Zaman Tasarrufu
Eski yıllara…
Çok değil yarım asır öncesine kadar dönecek olursak her insan birbirini dinlemeye, anlayış göstermeye ya da sabır etmeye vakit ayırabiliyordu.
Çocuklarımız kendilerince oyunlar keşfeder gün boyunca onlarla eğlenirlerdi. İnsanlar basit şeylerle mutlu olurlar, birlik ve beraberlik içerisinde hayatlarını sürdürmeye devam ederlerdi.
Ne oldu bugüne?
Büyüklerin söyledikleri gibi “Nerede o eski bayramlar?”. Aslında hepsi yerli yerinde sadece bizim onlarla uğraşacak vaktimiz kalmadı(!)
Yıllar evvelinde köyden şehre göçler başlayınca insanların artık kendilerine çok fazla vakit ayırma şansları kalmadıklarını düşündü ve bu şans gün geçtikçe de azaldı. Çoğu insan ailelerini huzur evlerine yerleştirdi. Bazıları hiç arayıp sormadı bile.
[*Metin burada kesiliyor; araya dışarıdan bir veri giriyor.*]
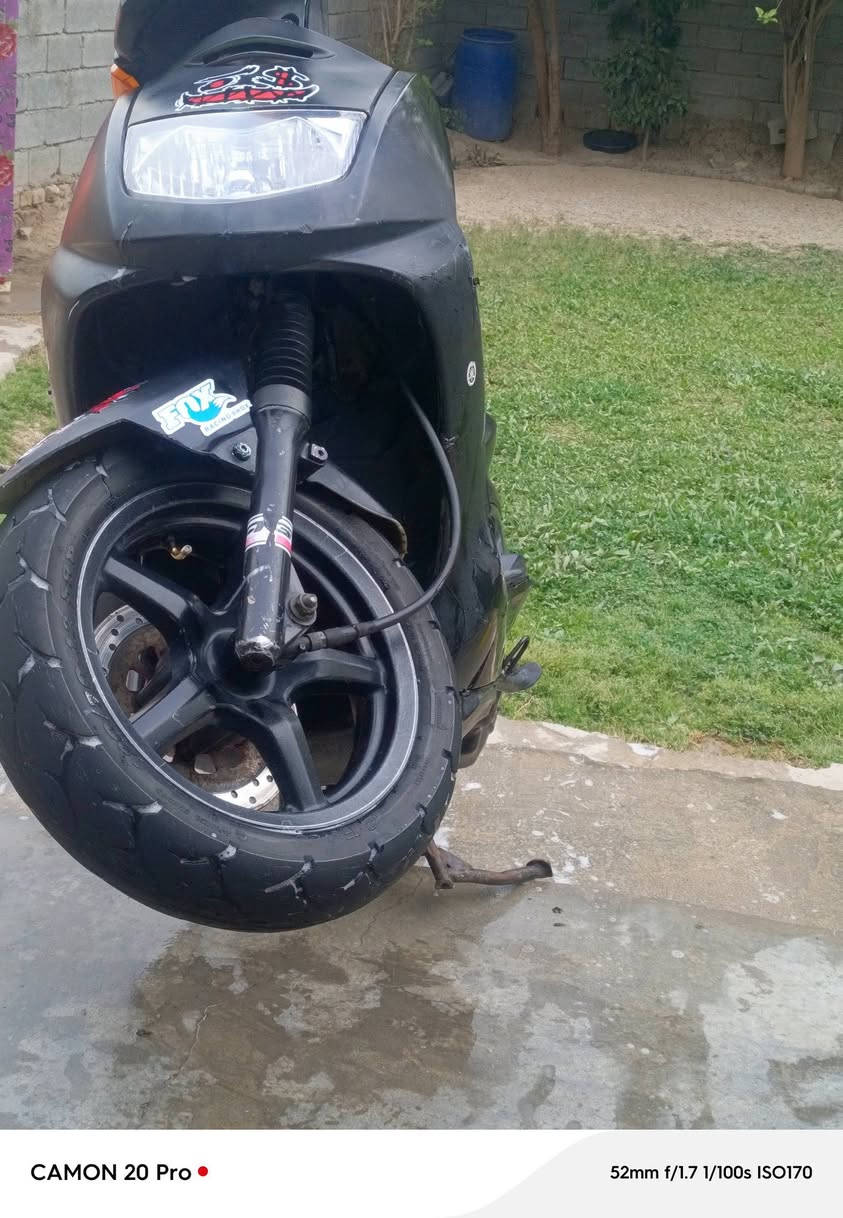 سلام عليكم دراجه سكنس ياباني دراجه كامله خير من الله متصرف عليهة لو ربع دراجه كبل لشارع سعر ٤٨٠ وبيهة مجال مكان ابو غريب قرب جسر ٤٠ *********** واتساب فقط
Neydi aramıza sokulan bu soğukluk?
Zaman tasarrufu, evet, her insan bunu yapmak istedi.
Perdenin arkasındaki sebep buydu. İnsan, işlerini hemen halledip kalan zamanını kendisine ayırmak için kullanmayı hedeflemişti. Bunu kendi ömrüne ve yaşadığı günlere yaymıştı. Bunu bir hayat felsefesi haline getirmişti.
Sabah uyanayım, hazırlanıp kahvaltımı yapayım, işe gideyim, işim bitince tekrar eve döneyim biraz televizyon izleyip yatayım ve tekrar aynı rutin. Çalışayım, para kazanayım, ev alayım durmadan tekrar çalışıp para kazanayım, bu sefer araba alayım, biraz daha çalışıp bir yazlık…
İnsanoğlu aslında bunları yaparken ömründen ömür gittiğinin, biriktirmek istediği zamanı bile harcadığının farkına varamadı.
Çocuklar…
Düşünme yetilerini kaybetti.
Her gün özgün oyunlarını yaratarak apayrı dünyalara dalan bu çocuklar şimdilerde bilgisayarın başında üretilenleri oynamaya başladı.
Gelecek için üretemeyen yeni bir nesil yeterince de tehlikeli değil mi?
Ve insanlar farkında olmadan kapitalist sistemin de dolaylı yoldan kölesi oldular. İş güçleri, onlara iş verenler tarafından belirli bir ücret karşılığında sömürülmüş ve patronlar kazancını katlarken çalışanlara fazla iş az para mantığıyla davranmıştır ve bu sistem hala devam etmektedir.
İnsan geleceğini düşünmeli fakat bu işi dozunda yapmalıdır.
Kendisine vakit ayırmaktan kaçınmamalıdır.
Burada sizin değerli vaktinizi gereksiz olarak nitelendirdiğimiz işlerden uzak bir şekilde kullanmanız zaten sizin için en iyi tasarruf olacaktır.
Özetle akıp giden zaman olduğu için bunun kıymetini bilmeliyiz ve anı yaşamalıyız fakat bu zamanı dikkatle harcamalı gereksiz işlerde kullanmamalıyız.
Seneca’nın da dediği gibi “Mutluluk başarıya, başarı ise zamanı değerlendirmeye bağlıdır”.